Successor States and Representations (1/2)
The main promise of unsupervised RL is test-time adaptation to newly specified reward functions. This requires a systemic untangling of reward and dynamics in traditional RL tools. In this first post of a short series, we see how this can be done via the concept of successor states and successor representations. We will focus on policy evaluation, leaving control for a follow-up.

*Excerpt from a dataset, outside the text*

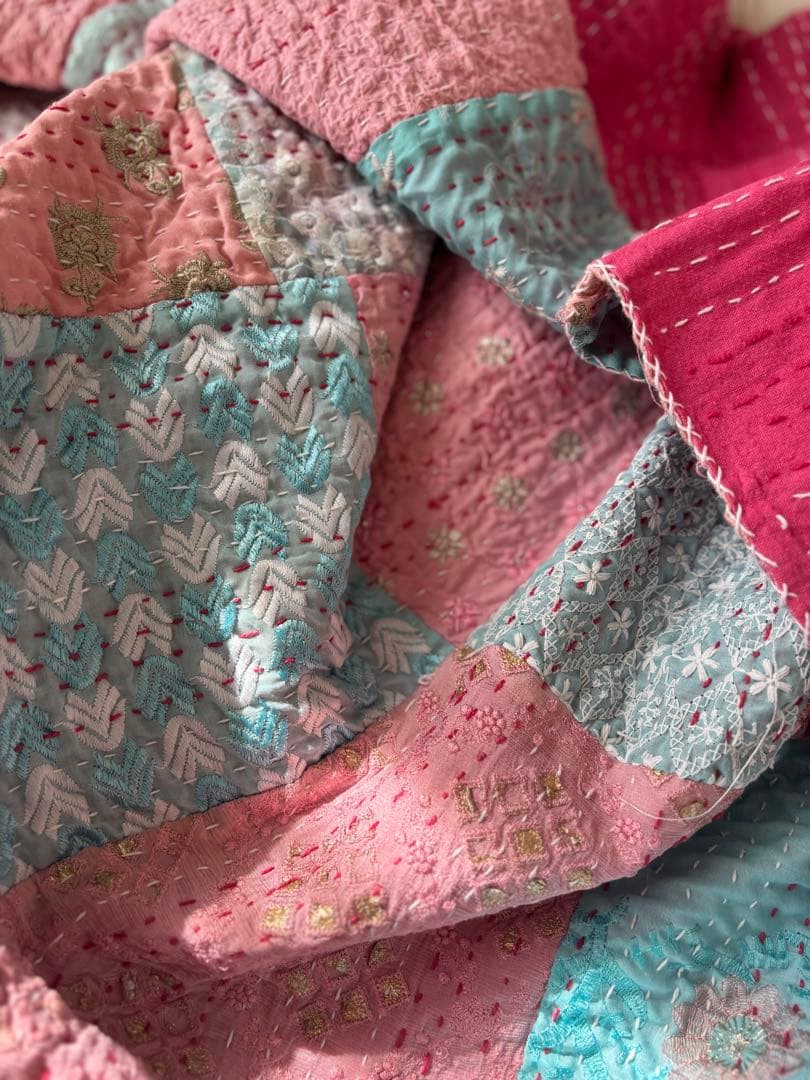 ラリーキルト　インド刺繍　カンタキルト　ヴィンテージ　パッチワーク　マルチカバー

One over-arching theme in unsupervised RL is the identification of a device that compactly summarises a dynamical system. It is to be used downstream for generating a near-optimal policy, but for rewards that are a-posteriori specified. It can be argued that said device can simply be a model of the dynamical system (although such models are seldom compact). In this post, and in contrast with model-based approaches, we will focus on test-time adaptation to new rewards without any state synthesis nor explicit planning.
Preliminaries
We consider a stationary Markov Decision Process $\mathcal{M}=(\mathcal{S}, \mathcal{A}, p, r)$. We will assume that $\mathcal{M}$ is finite, i.e that $\mathrm{S}\times\mathrm{A}<\infty$ where $\mathrm{S} = \vert \mathcal{S} \vert$ and $\mathrm{A} = \vert \mathcal{A} \vert$. We solve $\mathcal{M}$ under a discounted reward criterion; for some $\lambda\in[0, 1)$: $$ v_\lambda^\pi(s) := \mathbb{E}_s^\pi\left[\sum_{t\geq 1}\lambda^{t-1}r(s_t, a_t)\right]\;. $$
Throughout this post, we will focus on policy evaluation more than control. Hence, we index everything under some stationary policy $\pi\in\mathcal{S}^\text{MR}$ at hand to focus on the specific induced Markov reward process. For instance, we will use $r_\pi(s) := \sum_{a\in\mathcal{A}} r(s, a)\pi(a\vert s)$. and $p_\pi(s^\prime\vert s) := \sum_{a\in\mathcal{A}}p(s^\prime\vert s, a)\pi(a\vert s)$ the expected reward and transition under $\pi$, respectively. Given the MDP’s finite nature, we will make heavy use of vectorial notations. Formally, for any $f:\mathcal{S}\mapsto\mathbb{R}$ and $F:\mathcal{S}\times\mathcal{S}\mapsto\mathbb{R}$ we use $\mathbf{f}\in\mathbb{R}^\mathrm{S}$ and $\mathbf{F}\in\mathbb{R}^{\mathrm{S}\times\mathrm{S}}$, respectively, for the associated vector notations. For instance, for any $s, s^\prime\in\mathcal{S}$ we have $[\mathbf{r}_\pi]_s=r_\pi(s)$ and $[\mathbf{P}_\pi]_{ss^\prime}=p_\pi(s^\prime\vert s)$. In a previous post we showed that this allowed for the compact identity: $$ \tag{1} \mathbf{v}_\lambda^\pi = \sum_{t\geq 1} \lambda^{t-1}\mathbf{P}_\pi^{t-1} \mathbf{r}_\pi, $$
Successor states
Successor measure
To compactly represent the dynamics $p$ of $\mathcal{M}$, we first need to disentangle it from the rewards in the value function $v_\lambda^\pi$. This can be done via the introduction of the discounted state occupancy measure, which represents the cumulative discounted time spent in some state when starting from another; $\forall s, s^\prime\in\mathcal{S}$: $$ m_\lambda^\pi(s^\prime\vert s) := \sum_{t\geq 1} \lambda^{t-1} \mathbb{P}^\pi(s_t=s^\prime \vert s_1 = s)\;. $$ The value function indeed writes as $v_\lambda^\pi(s) = \sum_{s^\prime\in\mathcal{S}} m_\lambda^\pi(s^\prime\vert s)r_\pi(s^\prime)$. The discounted state occupancy measure $m_\lambda^\pi$ captures the dynamics of the stochastic process driven by $\pi$, while the reward function is isolated in $r_\pi$.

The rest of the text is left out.